Part of me felt an urge to get up and just write something down real quick. That was the duty, honour, responsibility part of me. The other part of me felt something else. The second part felt the urge to just lay in bed and let sleep catch up on me. That was the lazy part of me.
As you can see by last night's post, or rather the absence thereof, the lazy part won out. I'm not proud of it, neither am I horribly disappointed. Perhaps I should be a little more disappointed, but I'm not. God doesn't judge me according to how often I read His Word. In fact, I don't think He judges me at all. The Bible actually promises that there is no longer any condemnation for me. He loves me no matter what.
But I did feel a trifle bad for not keeping up with my discipline and for letting laziness take control of my situation. Was it a sin? I don't know. I don't think it was a sin to not read my Bible. I do think laziness is a sin, so maybe that was a sin of mine.
Still, there's no going back and patching it up. I can't make up for lost time. If it was a sin, God forgives me. If it wasn't, then I'm all set. Either way He won't beat me up over it, and neither should I. Too often the devil makes us fall into the trap of undermining our own spiritual progress by comparison. I can compare myself to this holy person who read the Word every day and was borderline perfect. The victorious and great giants of the faith always seemed to be immersed in the Scriptures and knowledgeable of them. To reach that level, imitate them. I think the one we are supposed to imitate is the One who saved our souls. Not man.

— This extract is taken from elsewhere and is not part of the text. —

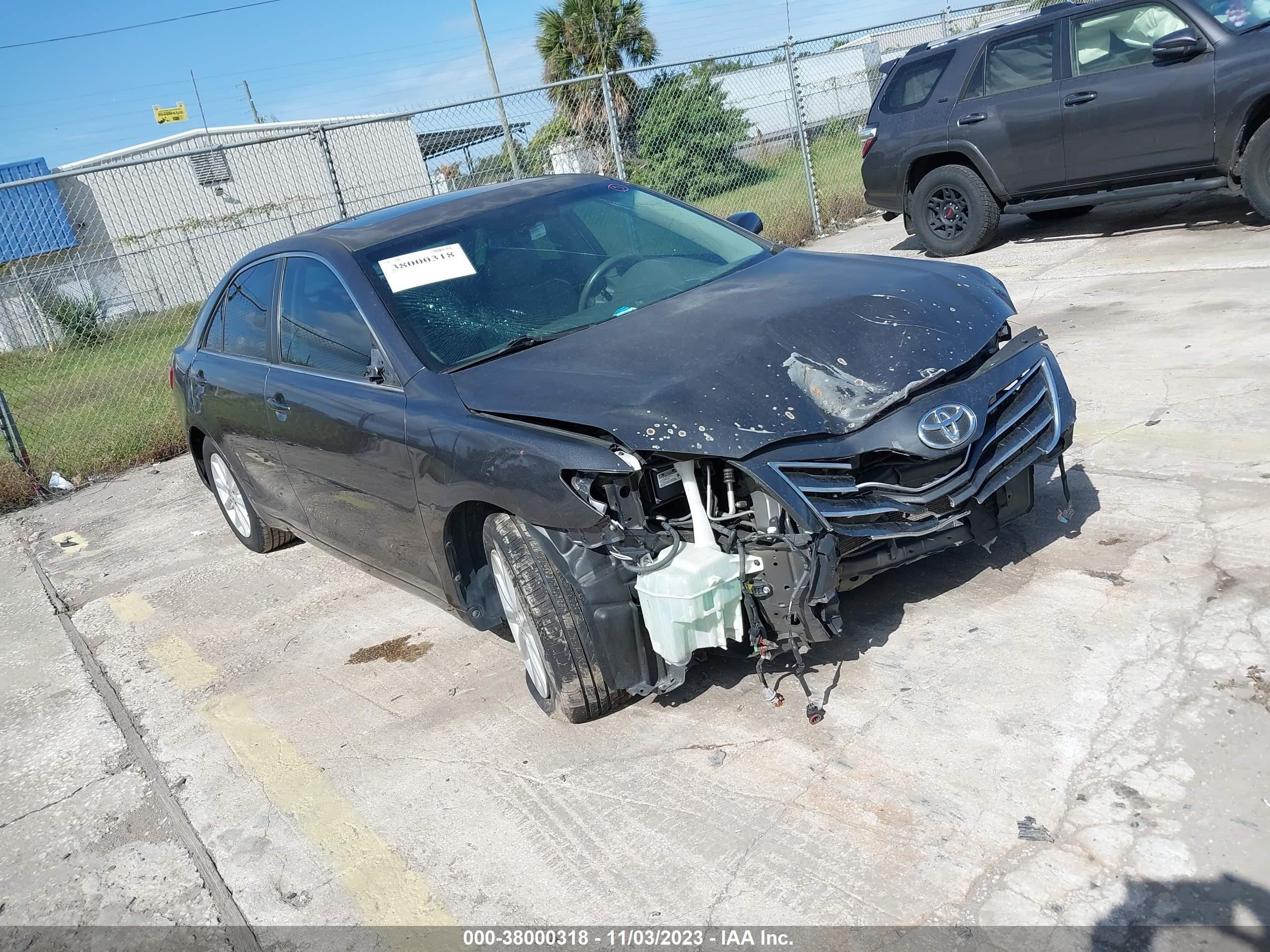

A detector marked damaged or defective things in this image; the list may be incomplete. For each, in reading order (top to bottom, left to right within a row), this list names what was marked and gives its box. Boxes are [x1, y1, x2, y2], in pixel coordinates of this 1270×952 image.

damaged gray sedan [174, 175, 1077, 721]
crumpled hood [452, 250, 1016, 459]
damaged front bumper [741, 327, 1077, 642] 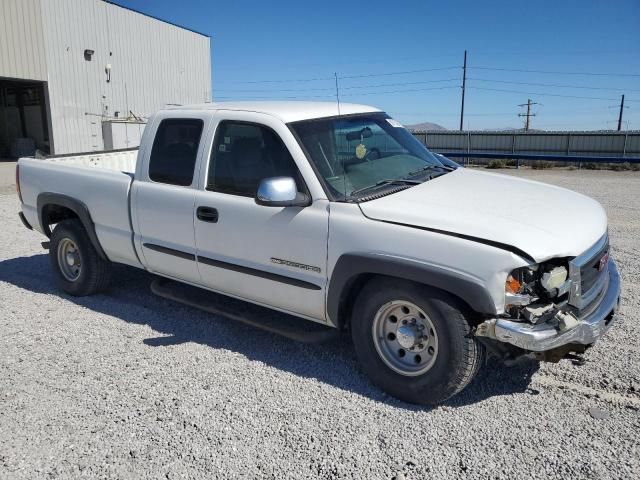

Nevertheless I think I am approaching this with unfair expectations. I had devos two days straight and yet I still sinned. I can't help it. Jesus can, He promised to help me in everything. But in and of myself, I can't help it. The problem is I don't really want to either. I want the easy way out, a short-cut, if you will. That short-cut might be just reading a little bit of Bible every day and signing off on my time-with-God checklist. I think that not sinning has to do with "hiding" His Word in our hearts. Not just ritualizing a verse here and there and expecting a miracle cure. But then again, I'm still processing. Still learning.